The lure of the a la carte proved too tempting and we ordered the grilled Galician octopus with watermelon and more of that outstanding olive oil (£17.50) and grilled Orkney hand-dived scallops with confit tomato, fennel and lemon (£17.50) to start. The two good sized octopus tentacles were meaty, flavourful and grilled to perfection, and the refreshing grilled watermelon provided the perfect accompaniment to this most summery starter. Mr B’s scallops were enormous and as sweet as you like. The zing of the tomato, warmth of the fennel and freshness of the lemon were evident but not so much as to overpower the stars of the show. A really accomplished and refreshingly light starter.

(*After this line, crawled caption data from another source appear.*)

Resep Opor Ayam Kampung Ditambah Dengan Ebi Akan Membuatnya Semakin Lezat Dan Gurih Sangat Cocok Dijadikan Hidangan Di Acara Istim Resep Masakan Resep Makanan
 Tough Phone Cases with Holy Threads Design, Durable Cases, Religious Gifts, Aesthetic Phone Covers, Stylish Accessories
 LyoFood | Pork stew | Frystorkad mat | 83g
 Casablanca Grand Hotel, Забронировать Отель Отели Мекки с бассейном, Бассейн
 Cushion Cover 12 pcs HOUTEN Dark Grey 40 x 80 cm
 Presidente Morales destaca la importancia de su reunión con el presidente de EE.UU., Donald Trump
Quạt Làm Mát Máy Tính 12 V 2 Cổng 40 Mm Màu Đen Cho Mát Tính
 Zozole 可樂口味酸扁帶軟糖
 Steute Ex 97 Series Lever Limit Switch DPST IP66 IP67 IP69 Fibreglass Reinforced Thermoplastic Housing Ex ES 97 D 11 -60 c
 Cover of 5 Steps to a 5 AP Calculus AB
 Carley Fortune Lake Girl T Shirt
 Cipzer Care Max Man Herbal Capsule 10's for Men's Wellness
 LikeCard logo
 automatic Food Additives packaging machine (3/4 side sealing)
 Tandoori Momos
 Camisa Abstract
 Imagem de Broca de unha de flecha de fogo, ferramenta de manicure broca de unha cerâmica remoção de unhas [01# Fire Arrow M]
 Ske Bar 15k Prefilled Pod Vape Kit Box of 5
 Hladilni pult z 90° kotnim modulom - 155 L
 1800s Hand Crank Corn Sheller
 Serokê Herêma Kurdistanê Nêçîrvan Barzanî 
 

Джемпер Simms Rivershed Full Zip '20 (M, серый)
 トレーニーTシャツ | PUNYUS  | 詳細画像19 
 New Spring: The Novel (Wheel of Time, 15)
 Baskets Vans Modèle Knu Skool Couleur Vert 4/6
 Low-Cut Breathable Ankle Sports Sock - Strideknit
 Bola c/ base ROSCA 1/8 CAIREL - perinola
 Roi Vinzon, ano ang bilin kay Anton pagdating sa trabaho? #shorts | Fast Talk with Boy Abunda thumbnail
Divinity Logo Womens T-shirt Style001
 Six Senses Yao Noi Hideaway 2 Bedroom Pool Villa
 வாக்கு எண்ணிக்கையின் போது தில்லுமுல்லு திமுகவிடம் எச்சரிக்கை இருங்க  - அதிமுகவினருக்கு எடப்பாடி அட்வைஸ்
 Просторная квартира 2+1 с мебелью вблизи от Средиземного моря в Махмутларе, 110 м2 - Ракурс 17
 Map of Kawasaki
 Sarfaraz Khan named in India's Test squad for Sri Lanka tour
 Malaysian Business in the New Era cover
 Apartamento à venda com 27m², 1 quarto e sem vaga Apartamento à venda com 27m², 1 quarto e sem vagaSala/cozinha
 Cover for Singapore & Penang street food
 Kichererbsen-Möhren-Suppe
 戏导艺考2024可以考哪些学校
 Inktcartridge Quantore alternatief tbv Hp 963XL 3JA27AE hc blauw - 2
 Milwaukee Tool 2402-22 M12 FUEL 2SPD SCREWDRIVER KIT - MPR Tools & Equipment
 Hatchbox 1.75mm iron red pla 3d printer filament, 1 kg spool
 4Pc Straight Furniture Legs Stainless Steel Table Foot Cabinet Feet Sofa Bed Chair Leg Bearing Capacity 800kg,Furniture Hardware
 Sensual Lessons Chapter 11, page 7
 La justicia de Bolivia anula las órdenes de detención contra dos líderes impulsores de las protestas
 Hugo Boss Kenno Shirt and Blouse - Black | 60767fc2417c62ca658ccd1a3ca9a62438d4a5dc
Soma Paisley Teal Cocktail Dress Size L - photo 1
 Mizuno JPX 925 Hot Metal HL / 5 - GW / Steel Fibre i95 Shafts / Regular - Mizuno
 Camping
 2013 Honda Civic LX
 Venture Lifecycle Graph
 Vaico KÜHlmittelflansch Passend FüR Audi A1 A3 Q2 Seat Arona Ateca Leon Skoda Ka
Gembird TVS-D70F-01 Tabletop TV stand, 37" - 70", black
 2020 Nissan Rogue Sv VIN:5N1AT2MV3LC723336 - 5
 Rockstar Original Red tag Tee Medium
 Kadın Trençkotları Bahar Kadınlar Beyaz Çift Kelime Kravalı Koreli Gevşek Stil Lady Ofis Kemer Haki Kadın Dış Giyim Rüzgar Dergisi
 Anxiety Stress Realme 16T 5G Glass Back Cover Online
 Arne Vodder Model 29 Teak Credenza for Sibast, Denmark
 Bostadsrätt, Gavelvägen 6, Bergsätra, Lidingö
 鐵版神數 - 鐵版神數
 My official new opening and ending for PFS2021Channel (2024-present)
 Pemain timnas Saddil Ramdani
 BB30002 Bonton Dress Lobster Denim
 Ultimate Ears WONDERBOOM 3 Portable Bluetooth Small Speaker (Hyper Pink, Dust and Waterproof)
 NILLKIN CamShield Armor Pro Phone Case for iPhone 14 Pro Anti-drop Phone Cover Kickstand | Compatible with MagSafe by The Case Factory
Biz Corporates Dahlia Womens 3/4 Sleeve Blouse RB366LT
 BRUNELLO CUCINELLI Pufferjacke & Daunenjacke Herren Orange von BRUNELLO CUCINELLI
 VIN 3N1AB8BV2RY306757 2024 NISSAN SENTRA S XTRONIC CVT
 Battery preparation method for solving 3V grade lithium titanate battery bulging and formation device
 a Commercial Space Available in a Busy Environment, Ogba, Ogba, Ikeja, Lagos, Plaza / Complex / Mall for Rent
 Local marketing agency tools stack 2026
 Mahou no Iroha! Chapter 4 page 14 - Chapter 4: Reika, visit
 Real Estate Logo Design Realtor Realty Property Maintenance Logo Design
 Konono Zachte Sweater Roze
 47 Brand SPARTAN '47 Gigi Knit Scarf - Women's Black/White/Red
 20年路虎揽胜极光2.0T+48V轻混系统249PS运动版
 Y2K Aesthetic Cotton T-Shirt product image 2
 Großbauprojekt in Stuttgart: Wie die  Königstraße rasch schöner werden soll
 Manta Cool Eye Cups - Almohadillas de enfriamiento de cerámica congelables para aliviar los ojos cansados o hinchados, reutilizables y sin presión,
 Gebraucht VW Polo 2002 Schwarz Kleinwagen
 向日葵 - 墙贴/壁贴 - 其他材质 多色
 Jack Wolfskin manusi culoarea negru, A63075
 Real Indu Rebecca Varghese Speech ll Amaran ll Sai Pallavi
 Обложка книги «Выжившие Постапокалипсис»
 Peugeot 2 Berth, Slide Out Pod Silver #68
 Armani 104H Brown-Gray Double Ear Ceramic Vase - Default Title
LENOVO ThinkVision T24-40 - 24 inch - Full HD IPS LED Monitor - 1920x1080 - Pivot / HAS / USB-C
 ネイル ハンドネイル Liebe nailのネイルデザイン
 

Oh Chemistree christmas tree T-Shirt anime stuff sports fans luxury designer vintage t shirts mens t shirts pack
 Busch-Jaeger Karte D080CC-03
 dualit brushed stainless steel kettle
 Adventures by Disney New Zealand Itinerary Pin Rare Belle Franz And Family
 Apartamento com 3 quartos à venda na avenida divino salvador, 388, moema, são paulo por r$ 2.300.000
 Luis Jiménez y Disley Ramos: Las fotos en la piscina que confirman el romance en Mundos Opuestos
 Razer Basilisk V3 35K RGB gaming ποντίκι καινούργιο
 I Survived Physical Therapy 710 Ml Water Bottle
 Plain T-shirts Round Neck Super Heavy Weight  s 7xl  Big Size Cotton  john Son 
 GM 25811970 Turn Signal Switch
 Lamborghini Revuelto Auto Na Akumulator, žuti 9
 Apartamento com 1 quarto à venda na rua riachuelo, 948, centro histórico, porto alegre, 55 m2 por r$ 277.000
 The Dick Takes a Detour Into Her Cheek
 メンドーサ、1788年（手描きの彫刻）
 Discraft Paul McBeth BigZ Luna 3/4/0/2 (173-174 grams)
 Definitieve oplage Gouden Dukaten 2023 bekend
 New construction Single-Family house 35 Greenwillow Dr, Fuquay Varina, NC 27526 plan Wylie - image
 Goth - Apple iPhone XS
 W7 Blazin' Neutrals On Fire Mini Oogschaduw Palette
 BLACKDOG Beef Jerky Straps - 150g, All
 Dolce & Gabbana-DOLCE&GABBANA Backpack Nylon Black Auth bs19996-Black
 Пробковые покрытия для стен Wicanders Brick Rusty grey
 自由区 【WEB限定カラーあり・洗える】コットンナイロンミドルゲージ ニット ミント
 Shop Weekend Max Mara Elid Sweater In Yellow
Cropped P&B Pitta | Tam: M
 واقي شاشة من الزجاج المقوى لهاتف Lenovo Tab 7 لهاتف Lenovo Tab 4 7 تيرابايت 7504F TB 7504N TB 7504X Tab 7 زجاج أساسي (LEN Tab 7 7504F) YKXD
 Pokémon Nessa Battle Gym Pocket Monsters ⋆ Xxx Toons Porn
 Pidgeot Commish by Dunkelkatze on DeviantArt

Mains came in the form of braised guinea fowl with a tagine of aubergine and preserved lemon (£24.50) and hand-cut beef fillet tartare with pommes frites and salad (£24). The guinea fowl was cooked well with a satisfyingly crisp skin, cumin provided a gentle warmth but the lemon and apricots seemed somewhat lacking. My steak tartare was melt in the mouth with subtle spicing allowing the quality of the meat to shine through. The chips were crisp and dark gold, clearly fried in something as unhealthy as it is delicious.
Rounding off our meal with a seasonal dessert of poached Scottish strawberries with oat crumble and yoghurt sherbet (£8.50), served up by Jerome himself, provided just the right level of sweetness from the food and from our most gracious host.